__WHAT NEEDS TO BE DONE__
Omit the images. Restate all of the records word for word.

__SUPPLIED DATA__

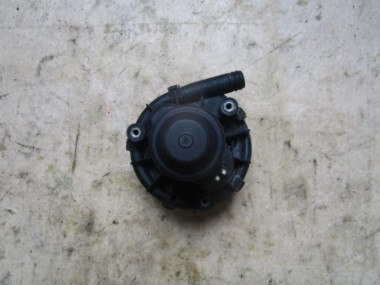 Продувка катализатора MERCEDES-BENZ C-класс W203/S203/CL203 (2000 - 2004) — Разборка Мерседес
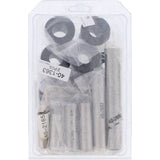 All Balls Racing Can-Am Maverick Sport 1000 Rear Independent Suspension Kit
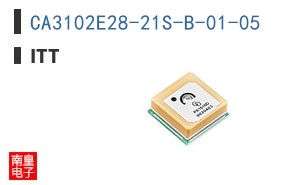 CA3102E28-21S-B-01-05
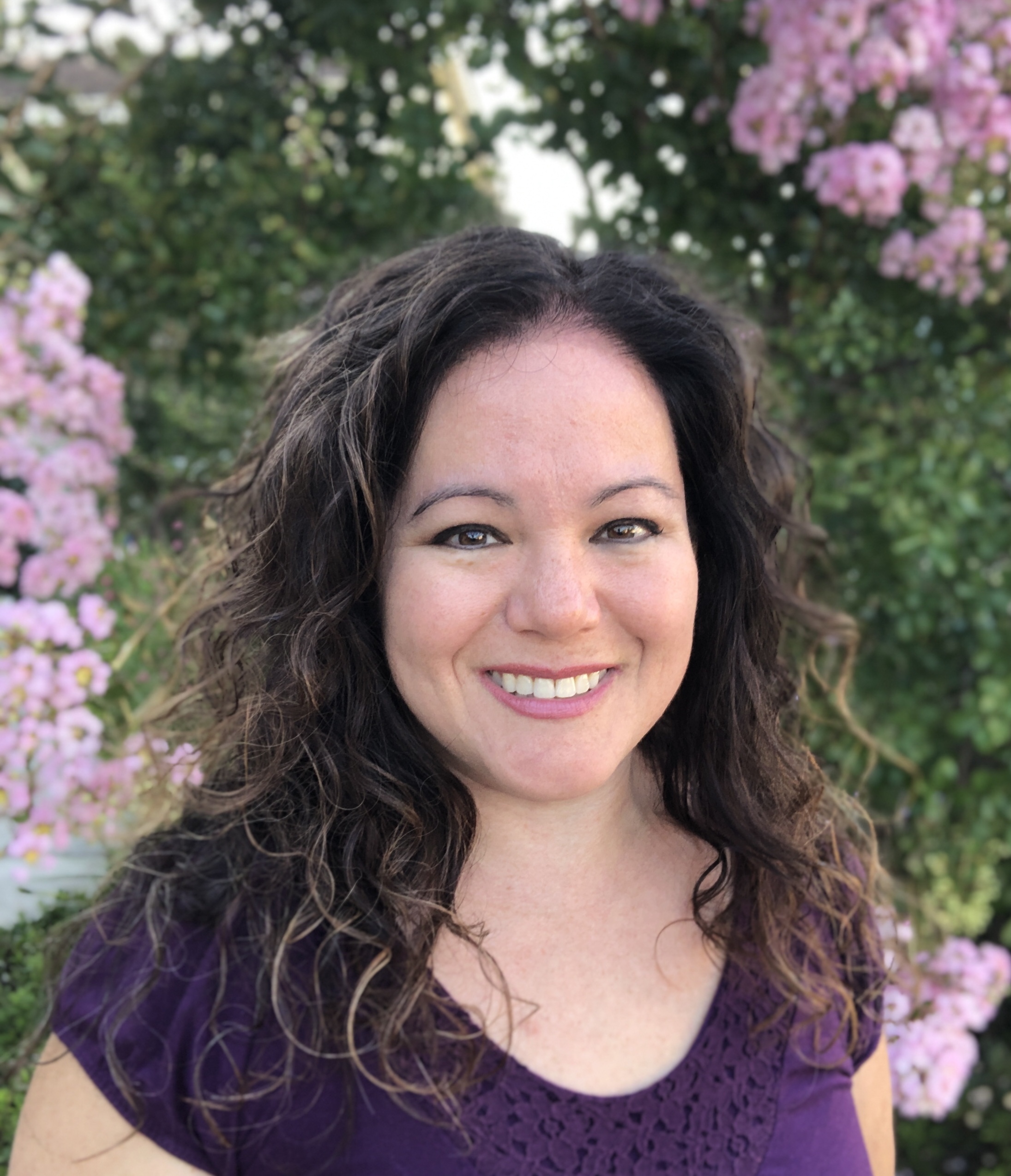 Jennifer Gathman, NP, IBCLC, PMH-C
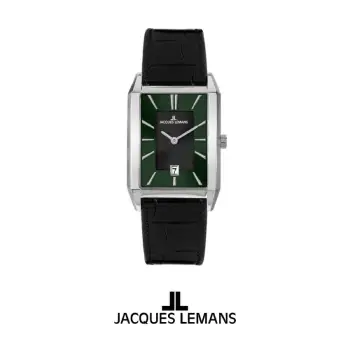 JACQUES LEMANS - 1-2159D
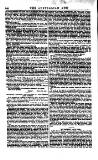 Australian and New Zealand Gazette Saturday 10 June 1854 Page 14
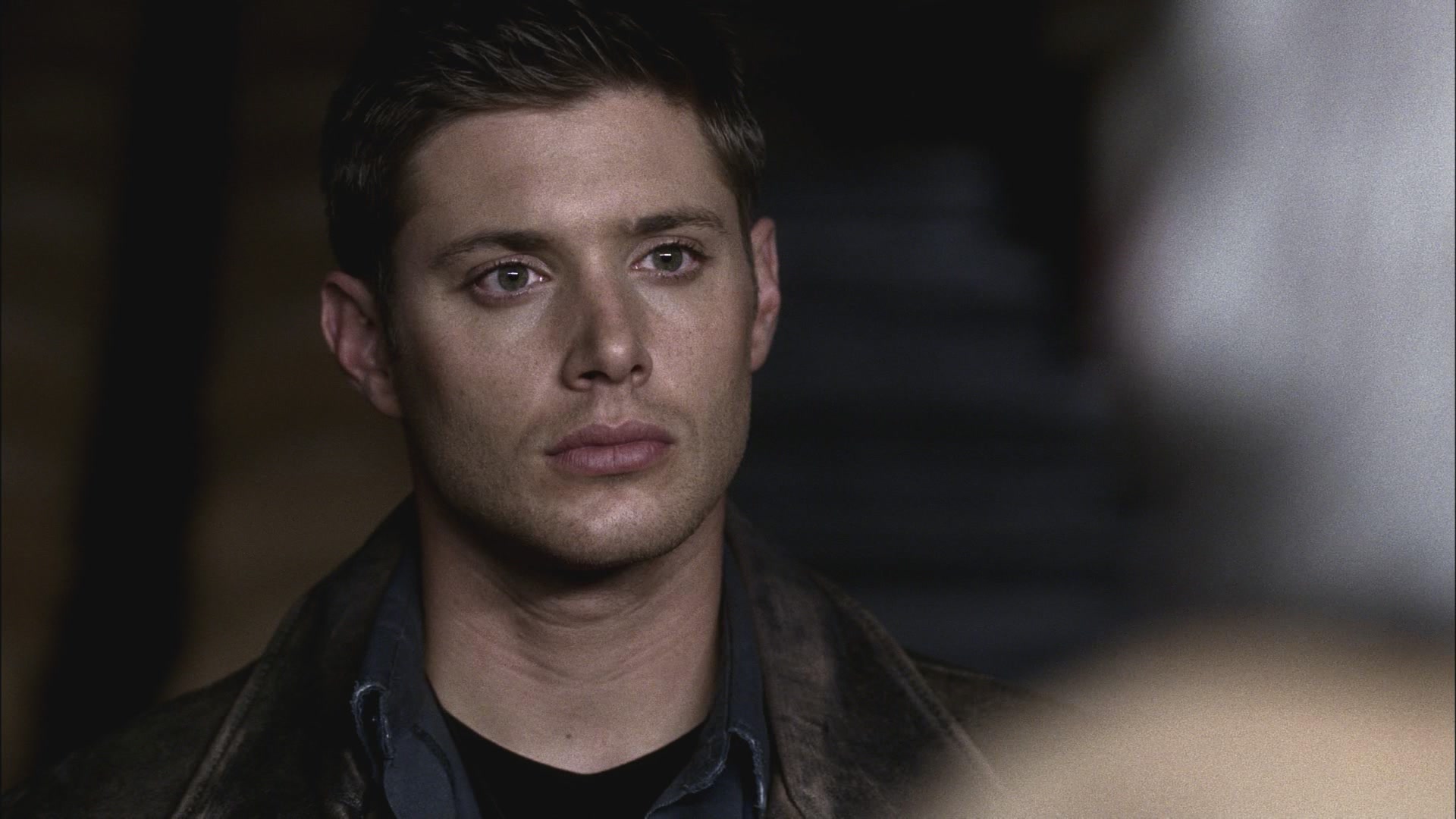 SPN_0712.jpg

__FINISHED TASK__
 Продувка катализатора MERCEDES-BENZ C-класс W203/S203/CL203 (2000 - 2004) — Разборка Мерседес
 All Balls Racing Can-Am Maverick Sport 1000 Rear Independent Suspension Kit
 CA3102E28-21S-B-01-05
 Jennifer Gathman, NP, IBCLC, PMH-C
 JACQUES LEMANS - 1-2159D
 Australian and New Zealand Gazette Saturday 10 June 1854 Page 14
 SPN_0712.jpg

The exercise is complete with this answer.